After the division the party started reforms of the state by
modernizing, professionalizing and bureaucratizing it with a focus on capacity
building, education and urban development (Vaugham, 2015). The TPLF as a
guerrilla fighter that came to power never seem to accept the separation
between state and party. It feels entitled to rule because the party has
sacrificed so much for the “liberation”. On the other hand the population at
the center felt the TPLF is a usurper that took power by force instead of
consent. One Amhara elite, Tekle Yishaw, even wrote a book about it listing
TPLF along all historical Tigrayans starting from the imperial times that
happen to become powerful as usurpers who scrimmage for power. The title of the
book literally says “Tigrayans who Scrimmage for Power” in Amaharic (romanized):
Seltan Teshami Tegrewoch.
In absolute opposite of this the TPLF was completely at home
ruling in Addis Ababa. In fact it felt so entitled to rule that it doesn’t even
seem to see itself as an alternative political party operating under a
constitutional rule. It wants to run the government just as it ran the
liberation struggle, as a sole representative of the will of the people (except
now the people are no longer as homogenous as in its liberation struggle days).

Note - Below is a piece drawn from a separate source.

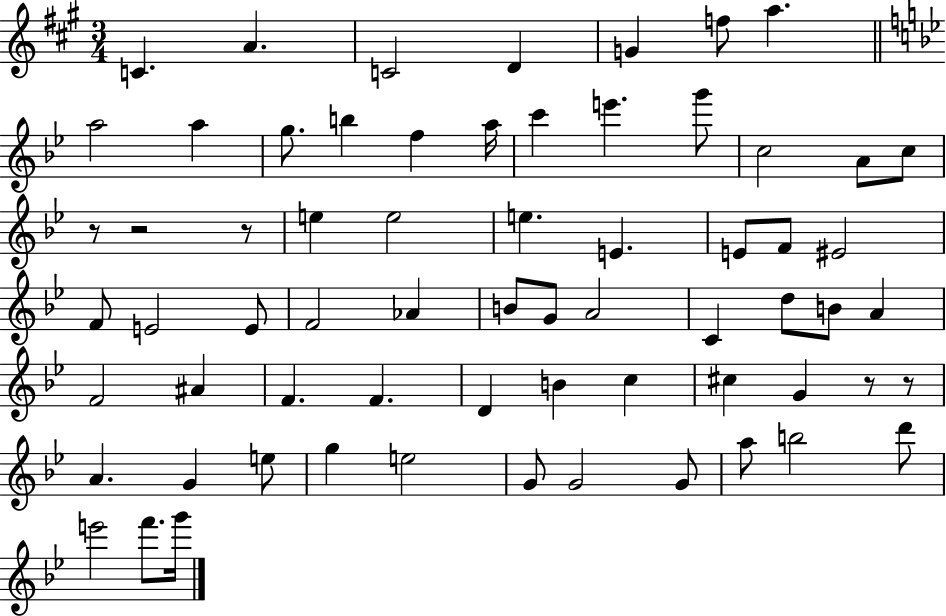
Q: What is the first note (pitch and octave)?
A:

It described itself as vanguard party and its ideology of revolutionary
democracy was to serve the people until full democracy could be viable. This
domination of the party over the state at all levels was undermining any form
of democracy at the individual or group level, neither individuals as citizens,
nor national regions as members the federation were to exercise the rights
guaranteed by the constitution.
The border war weakened the TPLF in two ways, one the split
has resulted in the reform and strengthening of the state at the cost of the
party and two the pan-Ethiopian nationalistic rhetoric gained strength at the
cost of the national right to self-determination of the nations within Ethiopia
(ibid.). To this we might add the “cold war” that continued between the two
states was a burden on its base region of Tigray which was turned into a far
north peripheral state by the close of borders with Eritrea and the resulting
loss of trade route that leads to the port of Massawa through the region.

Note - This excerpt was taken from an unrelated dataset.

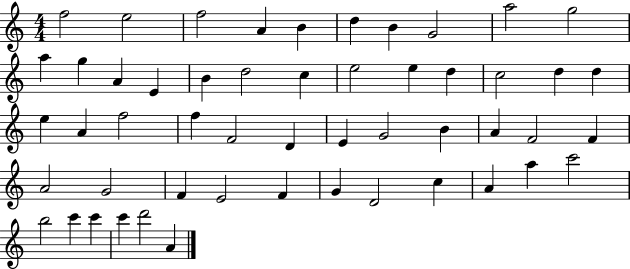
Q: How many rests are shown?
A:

These changes were exposed by the 2005 countrywide
elections, which resulted in unexpected loses to CUD, a party that claims to
advocate a pan-Ethiopian “civic” nationalism. This lay bare the fact that there
was no national consensus on the federal structure of the state; it was a
threat not only to the ruling party but to the state itself as well. Election
results were rejected by the opposition and this resulted in violence and
arrest of opposition politicians. This made the EPRDF to work in strengthening
the party’s hold on the society and strengthen its investment for a better
performance legitimation.
Looking for Performance legitimation & Earning the
Opposite
A new wave of party cadre appointments were made to manage kebeles and kebele representative council members were expanded, Vaugham
(ibid.), says this was done to improve either service delivery and
accountability, or strengthen political control. EPRDF obsession with control
is manifestation of any empire state’s control syndrome. In addition to the
administrative control the EPRDF used monopolizing the economy as a political
tool. This was achieved via direct control of private entrepreneurs, large
party owned enterprises and large state owned enterprises (Wassihun, 2020). As
we saw earlier Clapham (2019, p. 39) used the term “socialist gigantism” to
describe Derg’s policies, in a similar fashion we could say EPRDF’s policies
could be seen as manifestations of “state gigantism”.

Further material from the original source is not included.